Et malheureusement, c'est ce qui ressort très clairement du livre et du documentaires éponymes. Après le découpage d'une chose, on en déduit sa vacuité.
J'aime à rappeler cette définition de la civilisation selon Saint Exépury "la civilisation est un bien invisible puisqu’elle porte non sur les choses, mais sur les liens invisibles qui les lient l’une à l’autre, ainsi et pas autrement". Dès lors, décrire une civilisation, qui plus est à son âge d'or, si son analyse nécessite des découpages, elle ne peut pas servir à la vider; on ne déshabille pas pour mettre à nu.
Khalil Gibrane, dans le Prophète, disait que le bien et le mal sont indissociablement liés chez l'homme; je le crois volontiers.
Alors je comprends bien que les comptes ne sont pas réglés dans la mémoire collective; pour faire court, d'un côté, l'iranien zoroastre/chiite se sent spolié par l'arabe musulman/sunnite, les sujets étant bien ici les mémoires respectives, pas les identités; pour l'autre, le rationnel-laïc par le sacré-spirituel.

Un titre ambigu
Je me souviens, avec délectation par contre, du livre de Sigrid Hunk, "Le soleil d'Allah brille sur l'occident"; voilà un titre non moins éloquent mais dont la substance n'est pas, osons le mot, empoisonnée; là encore, peut-être est-ce plus facile pour l'allemande qu'est Sigrid Hunk de traiter le sujet lointain de l'islam sans passion?
Sans jamais se défaire de son esprit critique, on fait avec elle un voyage éthymologique, épistologique, etc. de l'Occident découpé à l'aune de l'islam en tant que civilisation; on n'est certainement pas plus musulmans à la fin du livre, mais on ne l'est pas moins non plus.
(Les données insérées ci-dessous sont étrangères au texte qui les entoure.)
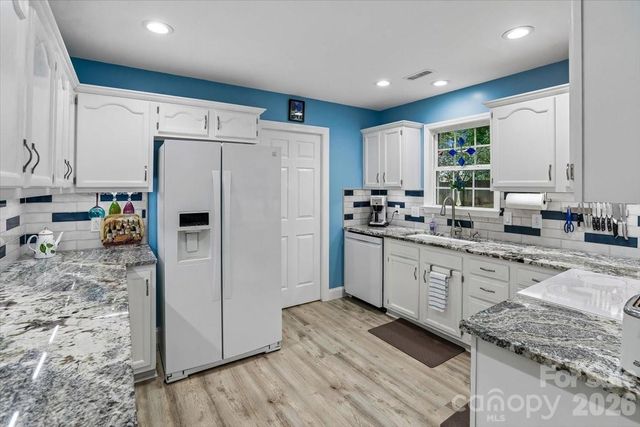10821 S Hampton Drive, Charlotte, NC 28227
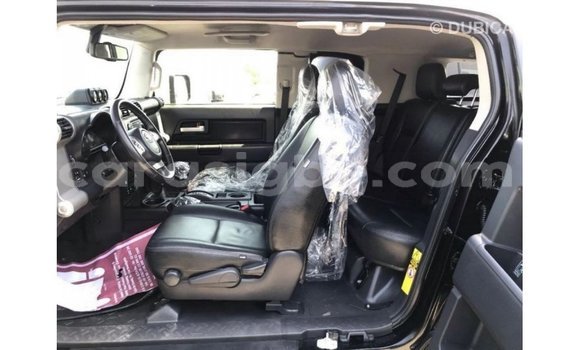 Buy Import Toyota FJ Cruiser Black Car in Import - Dubai in Togo Buy Import Toyota FJ Cruiser Black Car in Import - Dubai in Togo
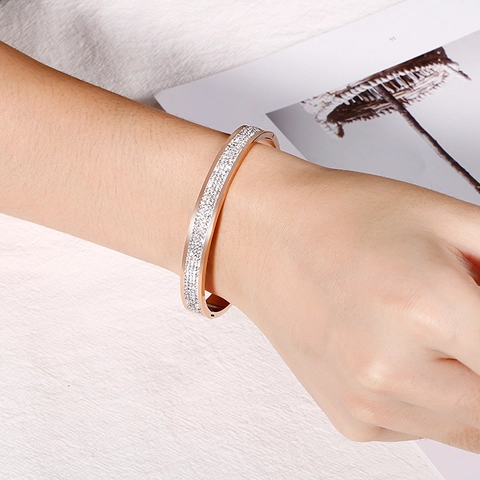 Scharnierende Armring Armband Roestvrij Staal Zirconia Strass Eenvoudige Luxe Open Handsieraden Voor Dames Mode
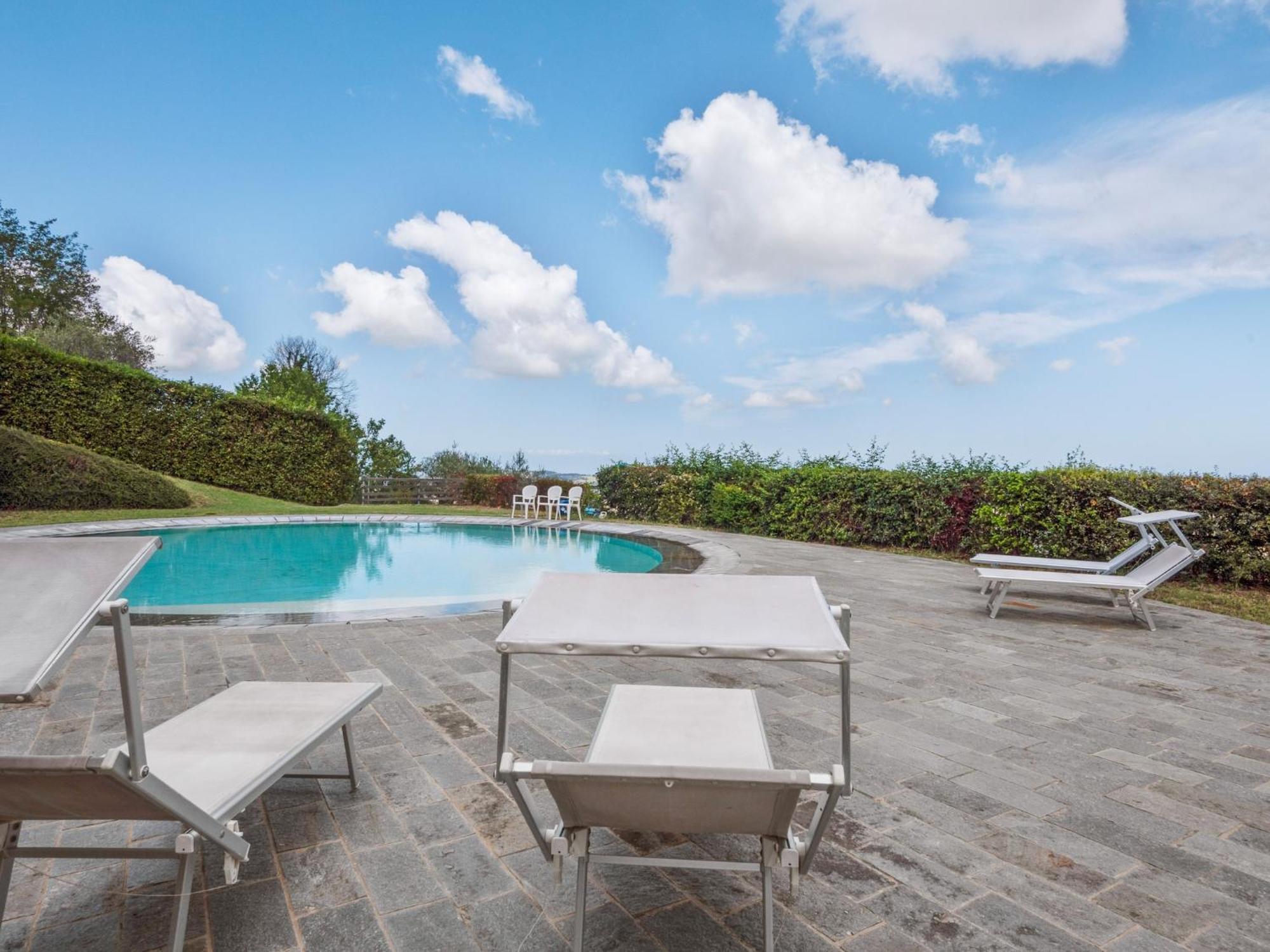 Stunning Apartment In Mombaroccio Near Metauro River Exterior photo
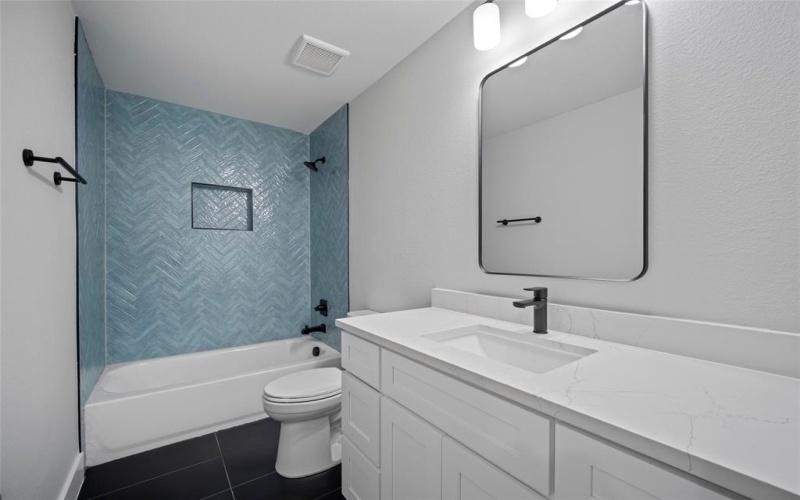 4424 fatima Drive, Irving, TX 75062, 4 Bedrooms Bedrooms, ,3 BathroomsBathrooms,Residential,For Sale,4424 fatima Drive,20866738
Tout comme l'occidental en ressort non pas diminué, vidé, mais raffermi et éclairé.

Conclusion
L'ensemble livre + film "L'âge d'or de l'islam" forme un joli tir croisé sur l'arabe sunnite. Et, soyons cyniques, de manière insidieuse, de l'intérieur. C'est l'apanage des faibles, mais sans doute faut-il aussi entendre ces revendications, elles sont sans doute légitimes et suffisamment étouffées pour être aussi sourdes; mais je suis déçu de la bassesse du procédé, surtout de la part d'intellectuels ou d'un savant. C'est dommage, d'autant qu'on a tous à y gagner. La vengeance, cette fille légitime de l'injustice, ne devrait jamais suppléer l'effort de construction.
Au passage, je considère ce type d'ouvrages comme du "hors piste". Beaucoup de perles à récolter, mais pour le non initié, il y a de quoi être ébranlé dans le fondement d'or de l'islam: la foi. Et sur ce dernier point, dommage collatéral ou délibéré de la part des auteurs, je ne leur pardonne qu'à l'aune de l'inconscience.